At a hearing today before the New York City Council’s Education Committee, the New York Civil Liberties Union urged council members to support legislation that would bring much-needed transparency to the city’s system of counting students who leave school without graduating.
The bill under review, Intro 354, would require the New York City Department of Education to regularly report to the City Council on student discharges. The “discharge” system is meant to statistically capture students who leave the school system without a diploma, but whose departure should not necessarily reflect poorly on DOE policy, such as students who move away from New York City. Students who are discharged are not counted as dropouts. From 2000 to 2007, the city’s discharge rate rose by about four percentage points as nearly 150,000 students were discharged from the system.
The DOE does not publicly disclose information on discharges, raising concerns among advocates and education experts that the discharge system is being used to artificially inflate the graduation rate.
“In a school system that depends so heavily on data to drive policy decisions, it is hypocritical and counterproductive to deny the public access to this information,” said NYCLU Executive Director Donna Lieberman. “Greater transparency will allow the public and lawmakers to have confidence that discharge policies are not being used to manipulate graduation rates. It will allow for a serious analysis of students’ educational opportunities and the pressures that lead them to drop out, which will result in better schools.”
In June 2008, the NYCLU filed a Freedom of Information Law (FOIL) request with the DOE seeking discharge data – including demographic information about students who are discharged, and the reasons for the discharges – for each school year from 1996 to 2008. The DOE failed to provide any relevant records for the years 1996-2007. In July 2009, the NYCLU filed an identical request for discharge records for the 2008-2009 school year. After a delay of more than a year, the DOE finally provided a spreadsheet containing information about 2008-2009 discharges. According to the data the NYCLU received:
- The DOE discharged 2,487 students to General Equivalency Diploma (GED) programs; 1,269 were discharged to full time DOE GED programs, 808 went to part time DOE GED programs, and 410 went to full time non-DOE GED programs.
- The DOE discharged 158 students to parenting programs or for reasons relating to pregnancy or parenting; 116 “voluntarily withdrew” due to pregnancy, and 42 were discharged to DOE programs for pregnant and parenting students.
- The DOE discharged 5, 614 students to parochial or private schools; 3,224 were in grades six through 12.
- The DOE discharged 35,597 students for reasons related to family relocation out of New York City; 17,395 were in grades six through 12.

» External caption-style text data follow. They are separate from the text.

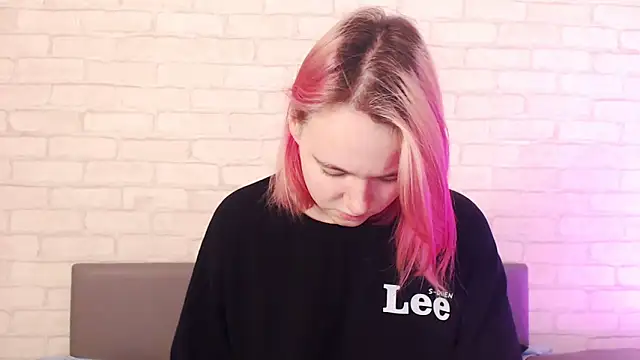 Ericha Stone online show from December 2025 01:47:02 AM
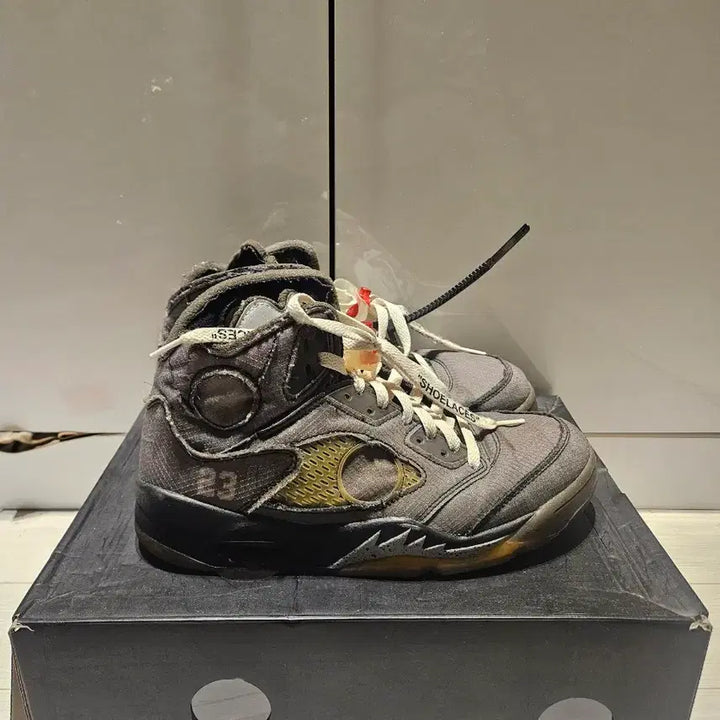 [BUNJANG] Off-White Jordan 5 SP Black Muslin Sneakers / 오프화이트 조던5 SP 블랙 모슬린 270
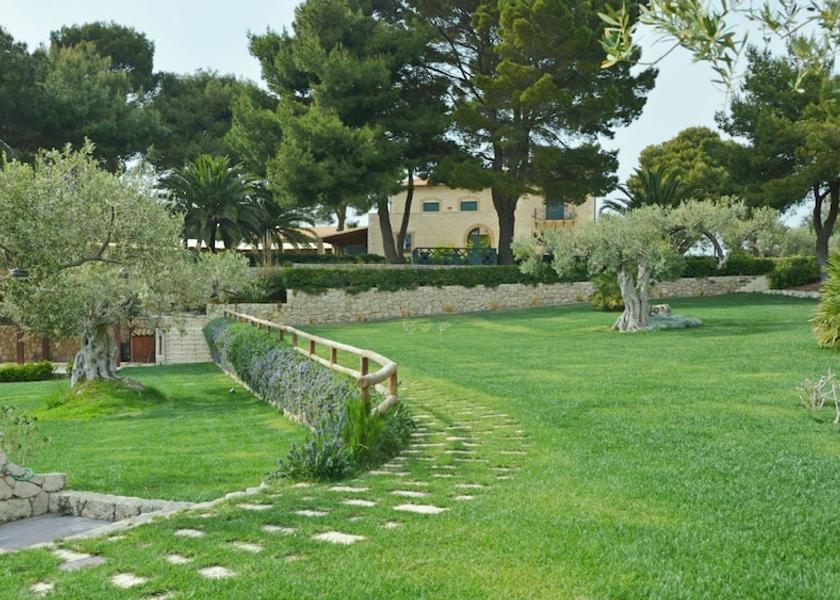 Sicily Licata Property Grounds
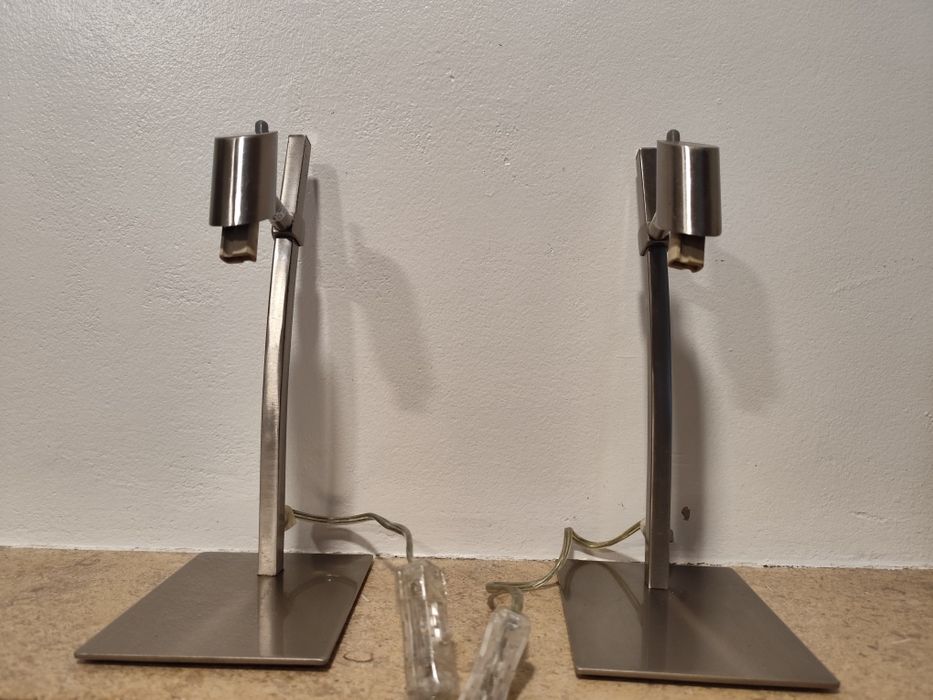 Candeeiro de tecto e mesa de cabeceira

While there are legitimate reasons for discharges, such as moving to another state, advocates are concerned that students who enroll in DOE GED programs are considered discharges and even graduates if they obtain a GED.
“Counting GED recipients as graduates perpetuates the illusion that GEDs and high school diplomas are equal and provides school officials an incentive to push children with the greatest needs out of the classroom and into GED programs,” said NYCLU Advocacy Director Udi Ofer, who testified today. “These types of practices mask the educational realities faced by many of our young people.”
Advocates also have long speculated that the incredibly large numbers of students who are reportedly discharged to other school systems each year (private and parochial schools and other districts) may actually include significant numbers of students who should be reported as dropouts.
The NYCLU made the following recommendations in its testimony:
- Mandate reporting by cohort. The bill should be amended to require discharge reporting by cohort. Obtaining the data by cohort will create a more complete picture of discharge and graduation rates by reporting the outcomes for each entering high school class (cohort) of students. More meaningful trends can be discerned comparing, for instance, the class of 2010 to the class of 2011, rather than students from many different classes who may have been discharged in any particular year.
- Mandate reporting of all discharge categories. As written, the bill lists examples of discharge categories. The categories listed in the bill reflect some of the more controversial past and present discharge categories, but the bill should be amended to request reports of all discharge and graduation codes.
- Create an audit mechanism. As with any reporting bill, there are questions about enforcing accurate reporting. Because personnel at each of the 1,600 schools have discretion in selecting discharge codes for students, it may be difficult to judge the accuracy of the information that is reported to the Council. When former Comptroller Bill Thompson audited the discharge and graduation rates in 2009, his office expressed the difficulties in tracking discharges and transfers when each school maintained different sets of records, and some had no relevant records at all. We therefore recommend that the bill require an automatic audit should the reported statistics exceed or fall below certain trigger points.